La Stella Classico d’Osoyoos, Okanagan Valley, Canada
This new wine comes from a single Osoyoos vineyard sloping towards the lake and blends Sangiovese with Cabernet Franc, Cabernet Sauvignon, and Merlot. Bottled unfined and lightly filtered, this pours a slightly dusky hue, leading into alluring espresso, black cherries, cassis, peonies, dried roses, and thorns, riding out the medium-bodied palate. Tannins are slight and slightly grippy, leaving a lingering desert scrub in their wake. A serious, savoury, deftly handled red that is ideal for drinking now and over the next few years. This tastes of Osoyoos, a new Osoyoos classic. 92/100 (TR)
La Stella Fortissimo 2017 Okanagan Valley, Canada
14.2% alcohol. 60% Merlot, 18% Cabernet Sauvignon, 13% Cabernet Franc, 9% Sangiovese. Bright and expressive with herb and tar tinged blackcurrant and berry fruits. Has a slight sour cherry edge keeping things fresh, with nice savouries. This is a really delicious wine with a slight Italian twist from the Sangiovese, which even at just 9% makes its presence felt. Ripe but not overly so. Such a lovely wine. 93/100 (07/19) (JG)
This Tuscan-inspired red continues to be tweaked and tightened year over year. In 2017, the blend was 60% Merlot, 18% Cabernet Sauvignon, 13% Cabernet Franc, and 9% Sangiovese, sourced from Osoyoos West and East Bench, the Golden Mile Bench, and Black Sage Bench. Utilizing large format Hungarian / Slavonian oak works to marry the parts seamlessly, evident even in this very youthful stage. It spends 15 months in puncheons (10% new) and neutral oak, before being bottled unfined and unfiltered. Graphite, wild blueberry, plum and cherry rise through this year, buffered by ample, slightly sticky tannins and propped with natural acidity to a spiced violet, stony finish. Very much in youth and with angles to shed and tightness to give but the future is bright. It will be a worthy cellar addition. 90/100 (08/19) (TR)

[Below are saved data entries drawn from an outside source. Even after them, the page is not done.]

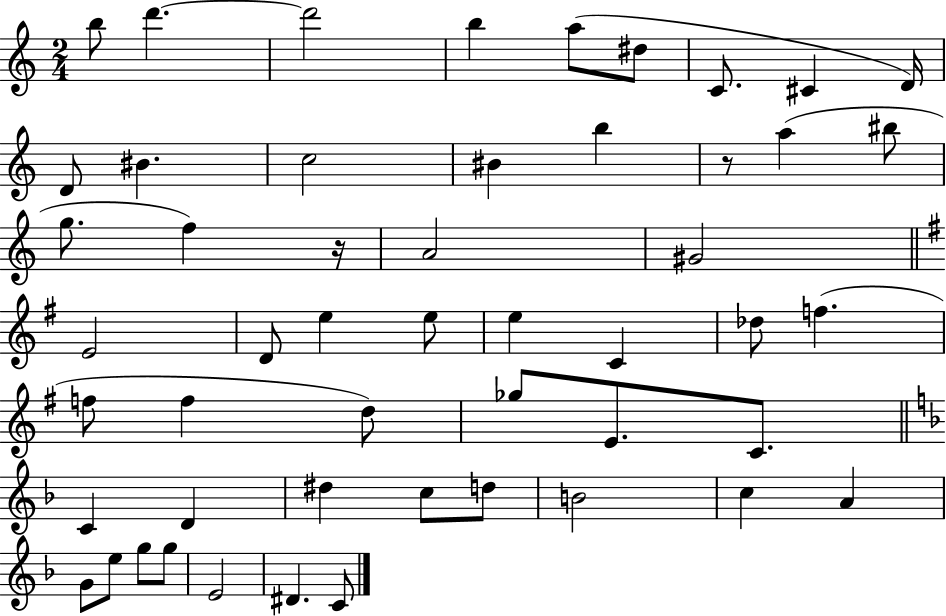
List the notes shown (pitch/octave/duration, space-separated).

B5/e D6/q. D6/h B5/q A5/e D#5/e C4/e. C#4/q D4/s D4/e BIS4/q. C5/h BIS4/q B5/q R/e A5/q BIS5/e G5/e. F5/q R/s A4/h G#4/h E4/h D4/e E5/q E5/e E5/q C4/q Db5/e F5/q. F5/e F5/q D5/e Gb5/e E4/e. C4/e. C4/q D4/q D#5/q C5/e D5/e B4/h C5/q A4/q G4/e E5/e G5/e G5/e E4/h D#4/q. C4/e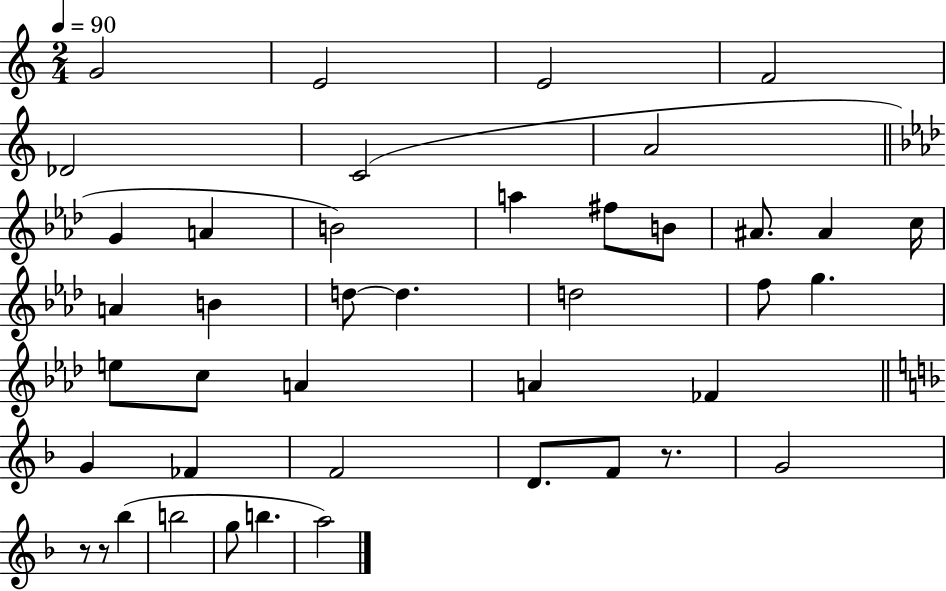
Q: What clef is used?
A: treble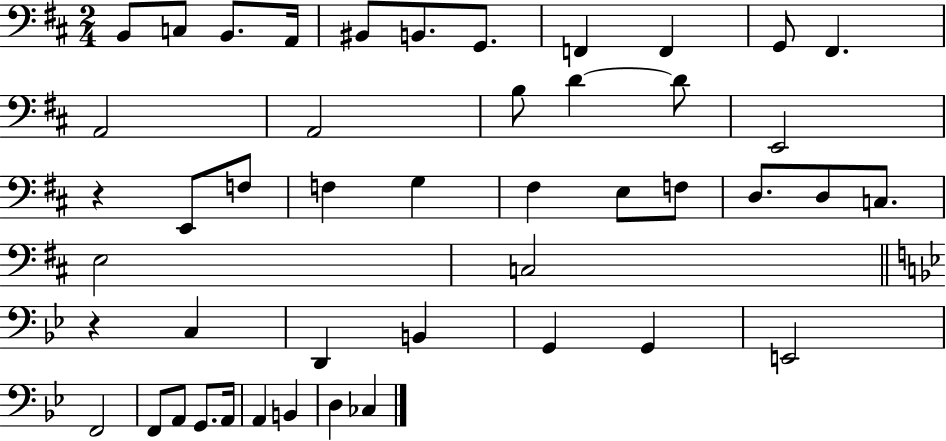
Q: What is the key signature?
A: D major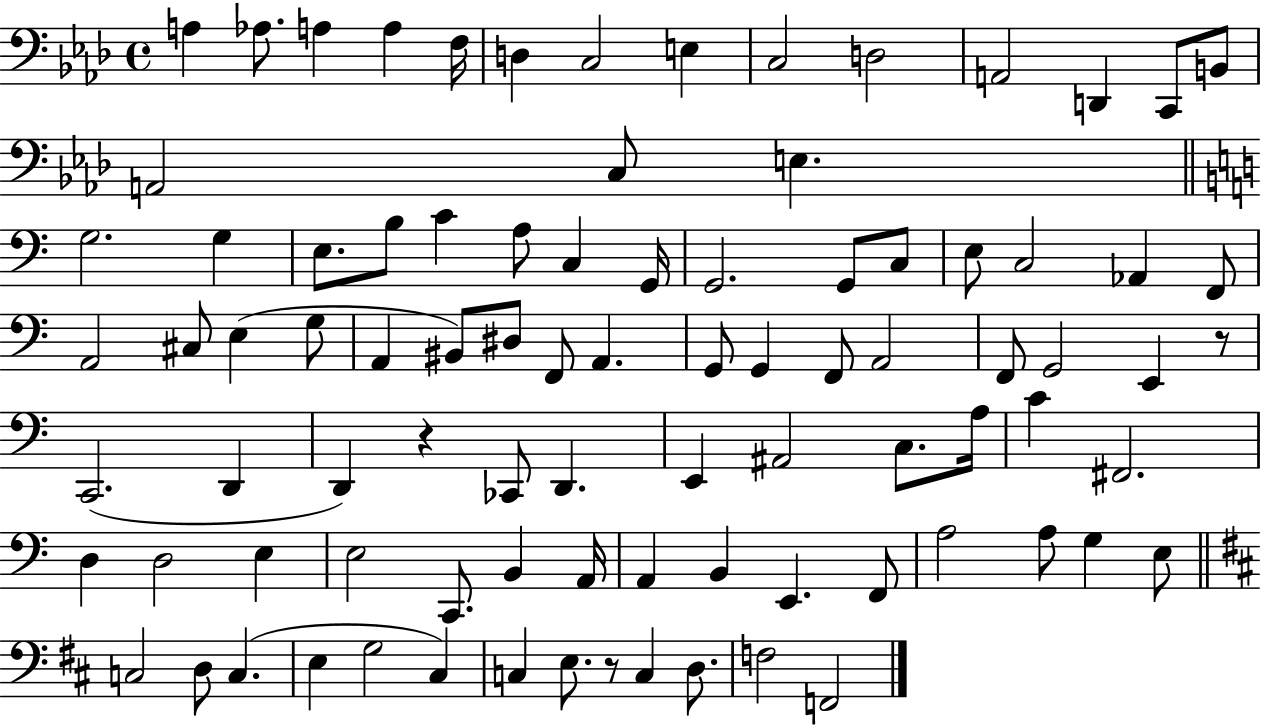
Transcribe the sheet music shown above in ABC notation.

La Stella Fortissimo 2016 Okanagan Valley, Canada
14.3% alcohol. 76% Merlot, 9% Cabernet Sauvignon, 8% Sangiovese, 7% Cabernet Franc. This has delicious, ripe blackcurrant and black cherry fruit with a seductive sheen to it. Lush and ripe, but with some sour cherry and damson hints in the background. Very stylish and fine-grained with nice texture. 93/100 (07/19) (JG)
With a nod to the Super Tuscan tradition, this is a Merlot dominant blend (at 76%), followed by Cabernet Sauvignon, Sangiovese, and Cabernet Franc, sourced from various southern Okanagan vineyards. Aging in French and Slavonian oak barrels, puncheons and botti, 10% of which were new, has well-knit this structural wine, merging the graphite, cassis, blackberry and tight grain leather together along a bigger palate. Though the fruit carries power, it isn’t overripe at all, rather riding the savoury side of southern Okanagan to a dried rosemary and sage finale. Drinking beautifully now, and will continue to do so in your cellar. 91/100 (08/18) (TR)
La Stella Espressivo 2018 Okanagan Valley, Canada
I tasted this just after bottling, so it’s a preview of what’s to come. This year’s Tuscan-inspired Espressivo blends 38% Cabernet Franc, 30% Cabernet Sauvignon, 21% Merlot, 11% Sangiovese, with 5% new oak. This year shows SO much peonies, swept along a plush, fleshy, velveteen texture. Black cherry, espresso, leather, is held fresh with naturally rising acidity, but firmly in place thanks to the predominance of the cabernets. Distinctly Okanagan, with an Italian vivace, this drinks lovely now, and will reward with cellaring. Looking forward to tasting again in a few months. 90/100 (09/20) (TR)
La Stella Espressivo 2017 Okanagan Valley, Canada
Espressivo’s name evokes a link to Tuscany’s rich reds known by their Super Tuscan moniker. It’s just what winemaker Severine Pinte is after with this southern BC red blend, mixing 52% Cabernet Franc, 16% Cabernet Sauvignon, 16% Merlot, and 16% Sangiovese that spends 17 months in Slavonian and French oak barrels and puncheons (28% of the wood is new). The latest 2017 release is dark, fleshy and wild, with ample wood spicing and a leathery, earthy base for cassis, bitter black cherry, espresso and cracked peppercorns. Tannins are sinewy and firm, carrying this bigger wine to a warming, spiced finish. Take this Super Tuscan BC red decanted, with grilled red meats or an autumnal vegetable roast, or lay it away through 2025 in the cellar. 90/100 (09/20) (TR)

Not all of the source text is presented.